Two main texts form the primary structure of the Mawlid Sharaf al-ʻĀlamīn compilation. The first is the famous poem al-Burdah (“The Mantle”), written in the 13th century CE by the Egyptian Sufi poet Sharaf al-Dīn Muḥammad al-Būṣīrī. The poet wrote this work in praise of the Prophet while suffering from a severe illness; he dreamed that the Prophet spread his mantle or cloak over him, then he awoke fully recovered.

This story of healing suggested the beneficial spiritual power of the poem for those who would recite, copy, comment on, or revise and expand upon it, and countless pious Muslims did so throughout the subsequent centuries.
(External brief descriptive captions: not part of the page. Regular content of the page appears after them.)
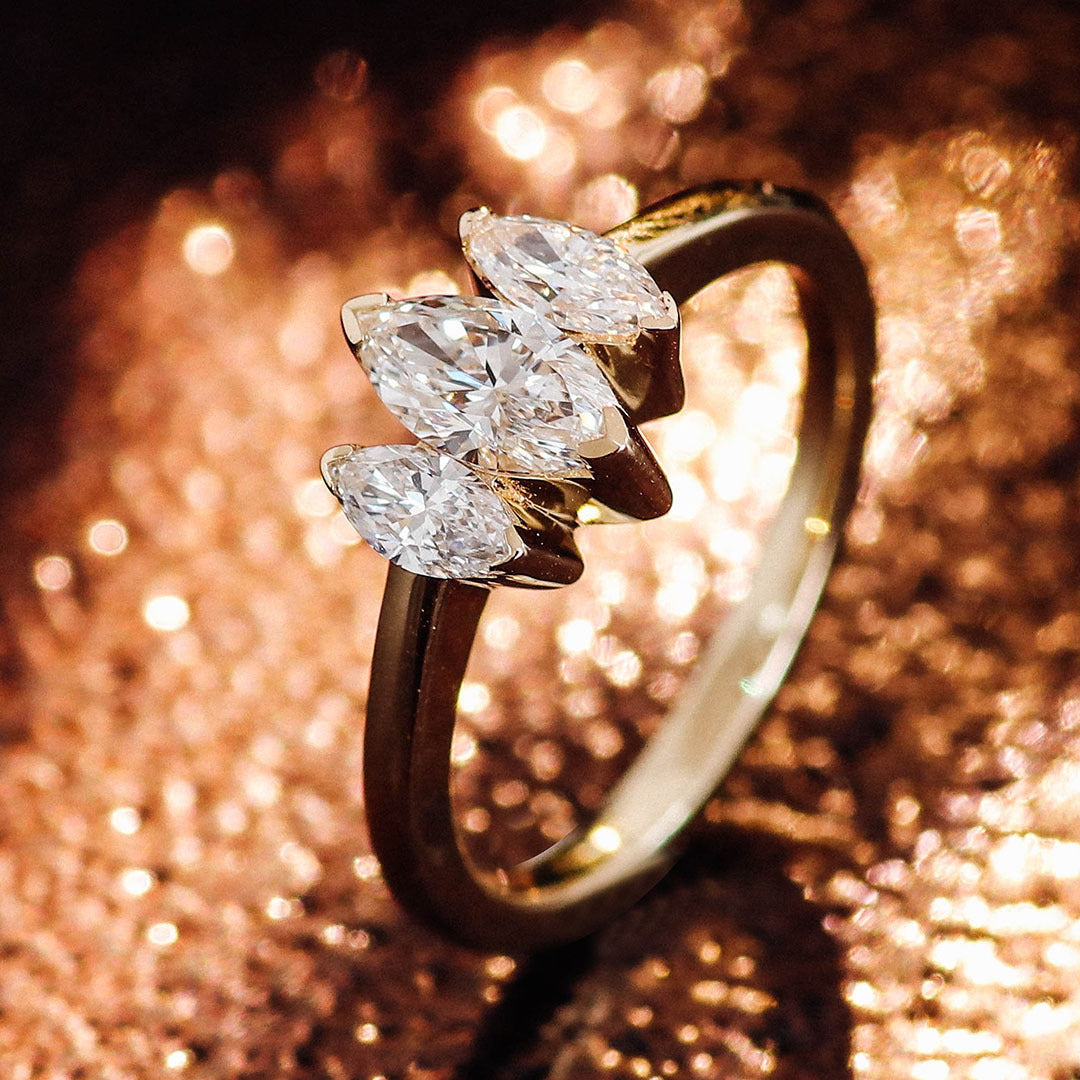 Marquise Solitaire & Row Diamond Ring | 18K Solid Gold - Detail View 1 | Pebble and Glow D VVS1 Lab Grown Diamond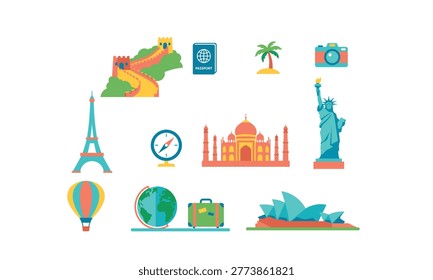 Flat travel icon set featuring world famous landmarks, taj mahal, great wall, eiffel tower, statue of liberty, and vacation elements.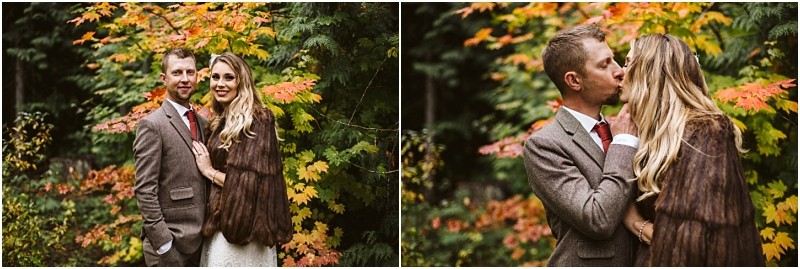 Premier snohomish & seattle wedding photographer | gsquared weddings photography a couple dressed in fall attire stands in front of colorful autumn leaves In this snohomish engagement session they smile at the camera in the second image the man kisses the womans forehead as she smiles | serving snohomish seattle                   & beyond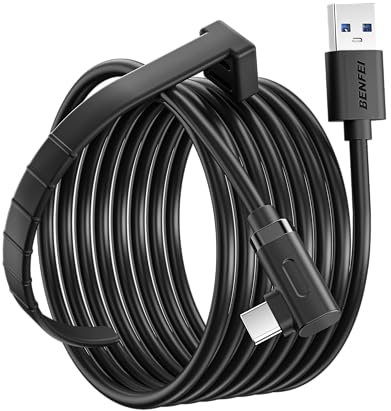 BENFEI Link Kabel 5M Kompatibel mit Oculus/Meta Quest 3S/3/2/1/Quest Pro und Pico 4/PC Steam VR Zubehör, High Speed PC Datenübertragung, USB 3.0 zu USB C Kabel für VR Headset und Gaming PC, Schwarz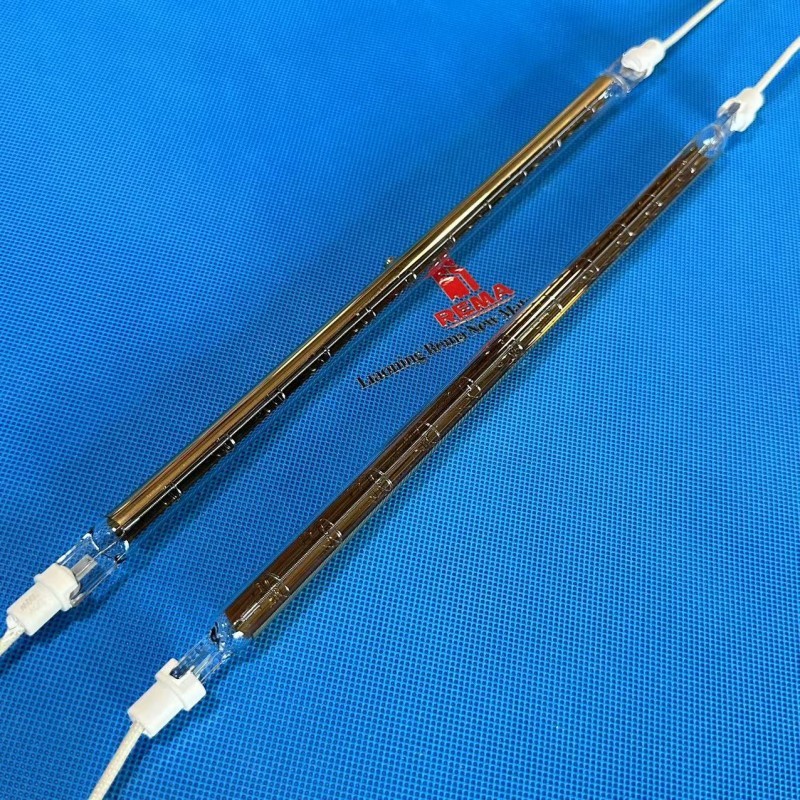 Short Wave Gold Coated Halogen Quartz Heater Lamp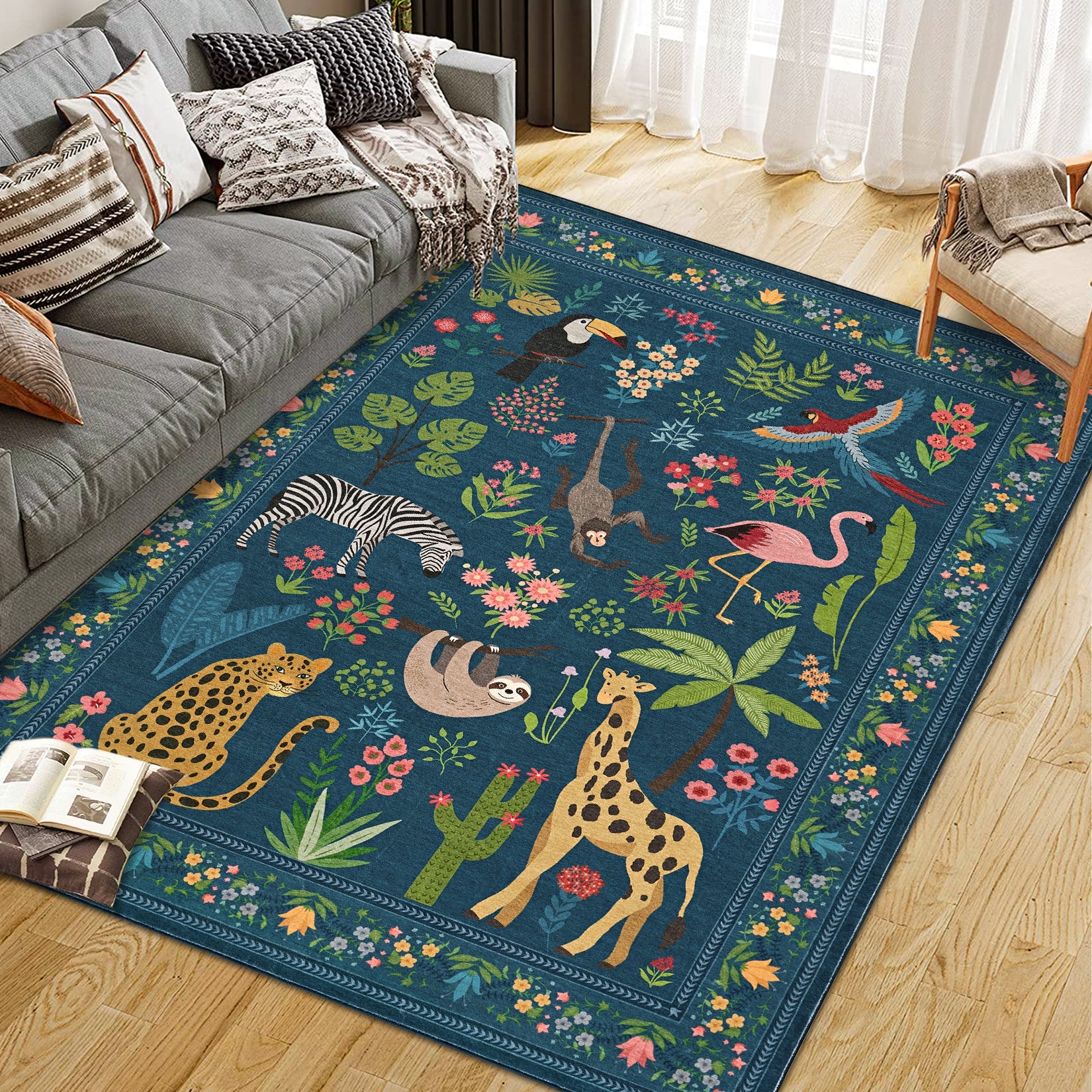 Garvee 5x7 Washable Animal Rug Non Slip Vintage Design Soft Low Pile Large Carpet Green for Living Room Bedroom Nursery Playroom Kids Room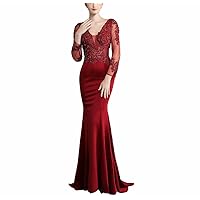 Mordarli Women's Lace Applique Long Formal Evening Dresses Mermaid Prom Party Gown with 3/4 Sleeve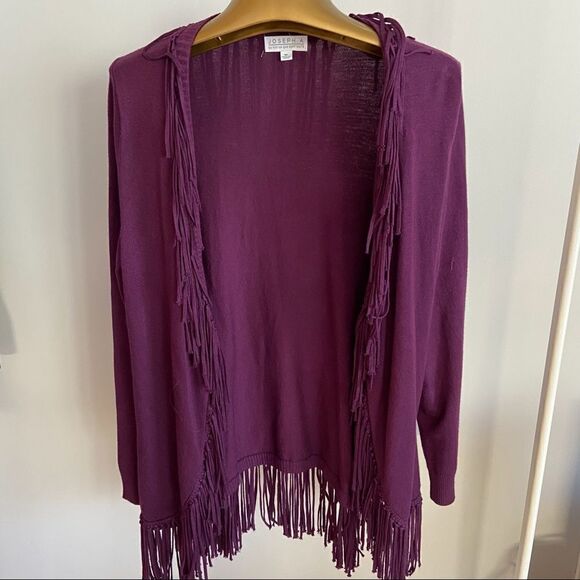 Joseph A stretchy purple wrap sweater with fringe size medium small - Picture 1 of 9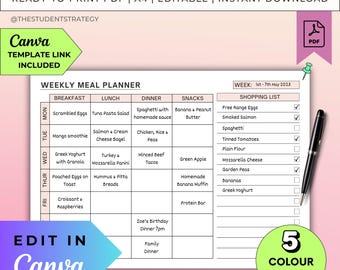Simple Weekly Meal Planner and Shopping List | Printable Meal Plan Template | Meal Prep Template | Canva Editable | A4 Digital PDF
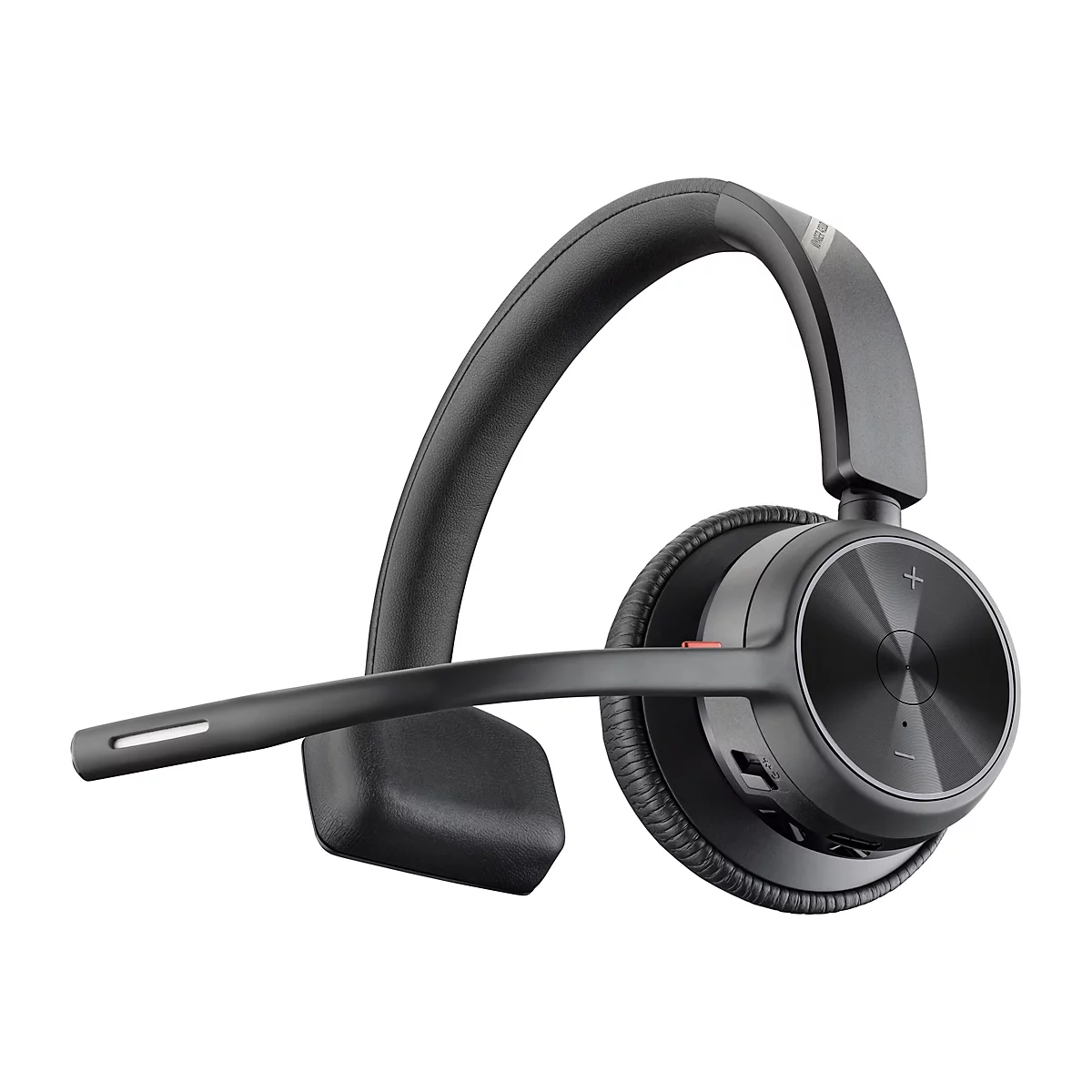 Schwarzes Poly Voyager 4300 Wireless-Headset auf weißem Hintergrund.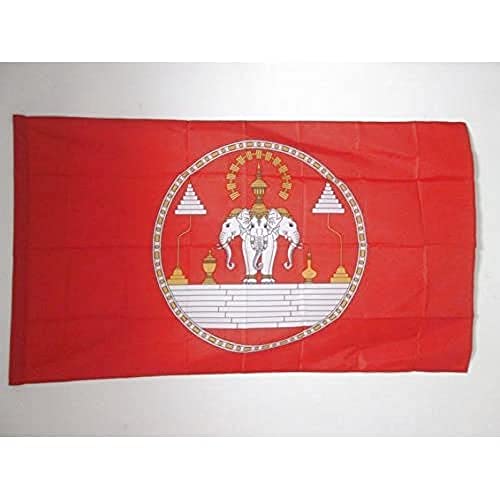 AZ FLAG, Royal Standard of Laos 1945-1975 Flag, 3x5 Ft, Laotian Kingdom Banner with Sleeve, 100% Polyester, Fade Resistant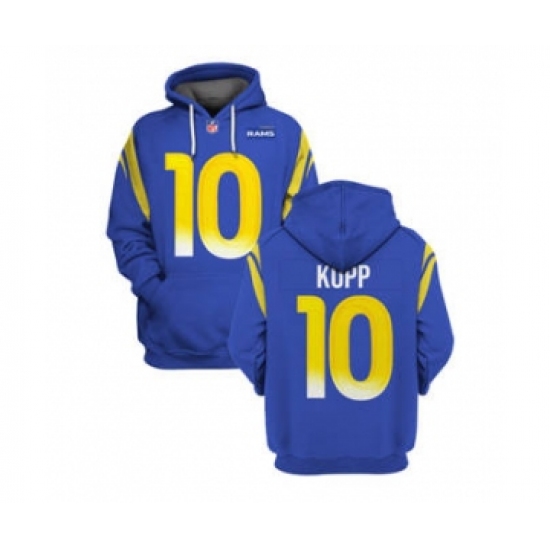 Men's Los Angeles Rams #10 Cooper Kupp 2021 Royal Pullover Football Hoodie - Jersey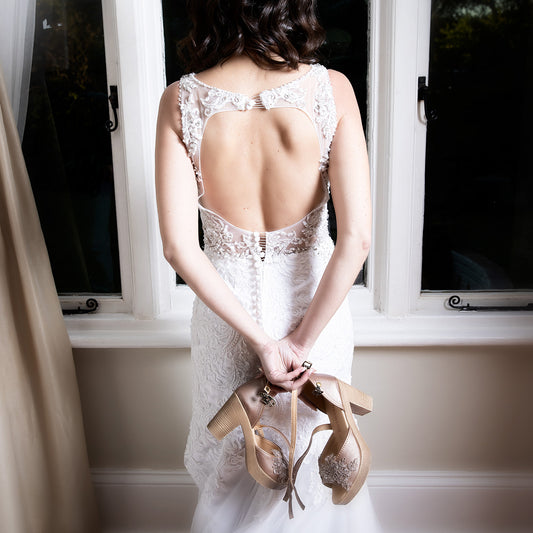 Zoë Bridal Rosegold & Lace HEELS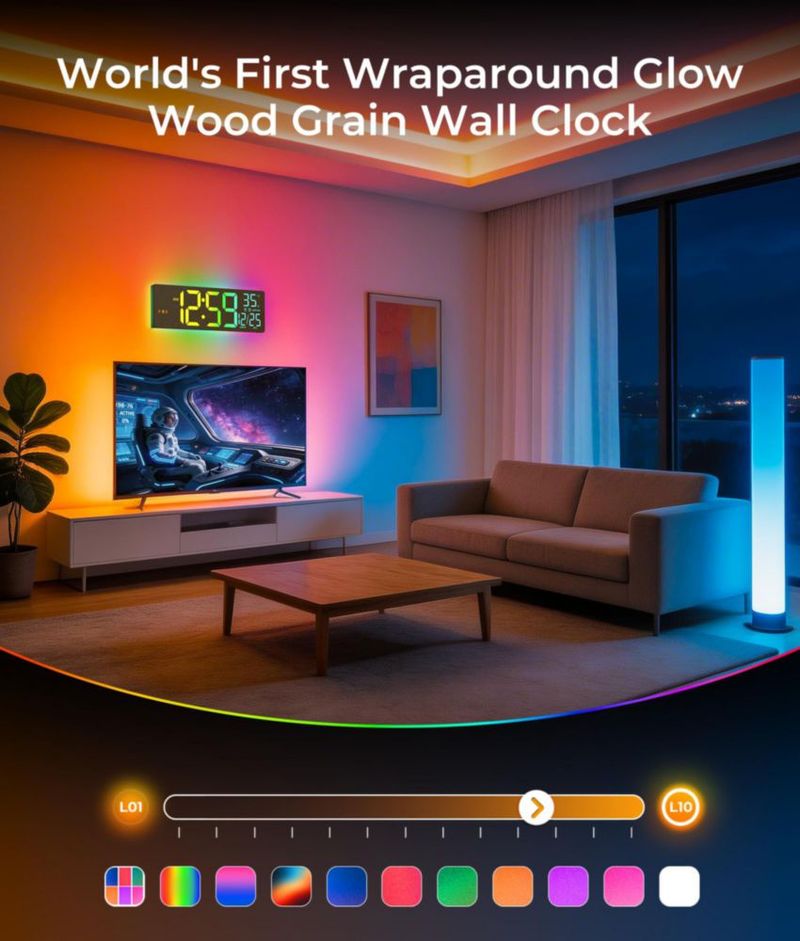 Reloj Digital de Pared EASYERA 16.5" con Luz RGB y Control Remoto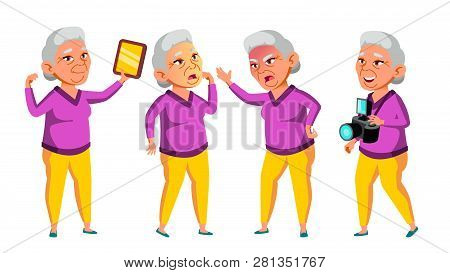 Asian Old Woman Poses Set Vector. Elderly People. Senior Person. Aged. Beautiful Retiree. Life. Card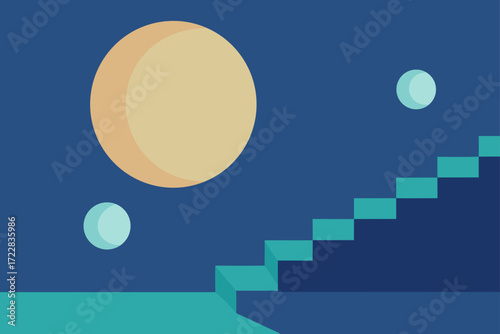 Abstract geometric landscape with a large moon smaller planets and a staircase leading upwards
The Harar compilation sometimes includes al-Būṣīrī’s original version of the poem, but more often it contains the expanded form written in the 14th century CE by Shams al-Dīn Muḥammad al-Fayyūmī, who added three of his own lines after every two lines of the original poem (a literary form known in Arabic as Takhmīs).

The Prophet’s cloak
The Prophet’s cloak is an important relic held at the Topkapı Palace in Istanbul, Turkey. The vision of al-Būṣīrī was an echo of an event from the Prophet’s life, in which he gave his cloak to the poet Kaʻb ibn Zuhayr. Photograph by Dr. Josh Mugler.

The second central text of the compilation is ʻUnwān al-Sharīf (“Title of the Eminent”), an account of the Prophet’s birth authored by ʻAlī ibn Nāṣir al-Ḥijāzī (1437–1509 CE). The two central texts are accompanied by a variety of shorter poems, prayers, and other devotional works, which vary according to the individual interests of the scribes and their local audiences. The main texts are usually written in Arabic, but additional texts often include works in the local language of Harari as well.

The oldest dated copy of the Harar Mawlid compilation in HMML’s collections is from 1729 CE (EMIP 01528), but the tradition is alive and well, as indicated by the presence of a manuscript copy from 1997 CE (EMIP 01758). In addition, three recent copies of Mawlid Sharaf al-ʻĀlamīn were written on the blank, upside-down pages of daily calendars from the 1970s CE; two of the calendars were printed in Ethiopia (EMIP 01437, EMIP 01441) and one in Somalia (EMIP 01440).

EMIP 01440
A manuscript of the Mawlid Sharaf al-ʻĀlamīn texts, copied on the pages of a calendar in 1975 CE. The calendar date appears upside down in Somali, Italian, and English at the bottom of the page. Collection of Sherif Harar City Museum, Harar, Ethiopia. (EMIP 01440, pages 171–172)

The Harar compilation is just one example of the importance of manuscripts and other books in Mawlid celebrations across the world of Islam, an example that is especially visible in HMML’s global collections. These books, which continue to be produced in very recent decades, are central to the celebration of this important festival and are adapted to the specific needs of each community. In Harar and across the Islamic world, manuscripts tell the story of the Prophet’s birth.

Further Reading:

Gori, Alessandro. “Texts in the Mawlid Collection in Harar: Some First Critical Observations.” African Study Monographs, Suppl. 41, 2010, 51-62.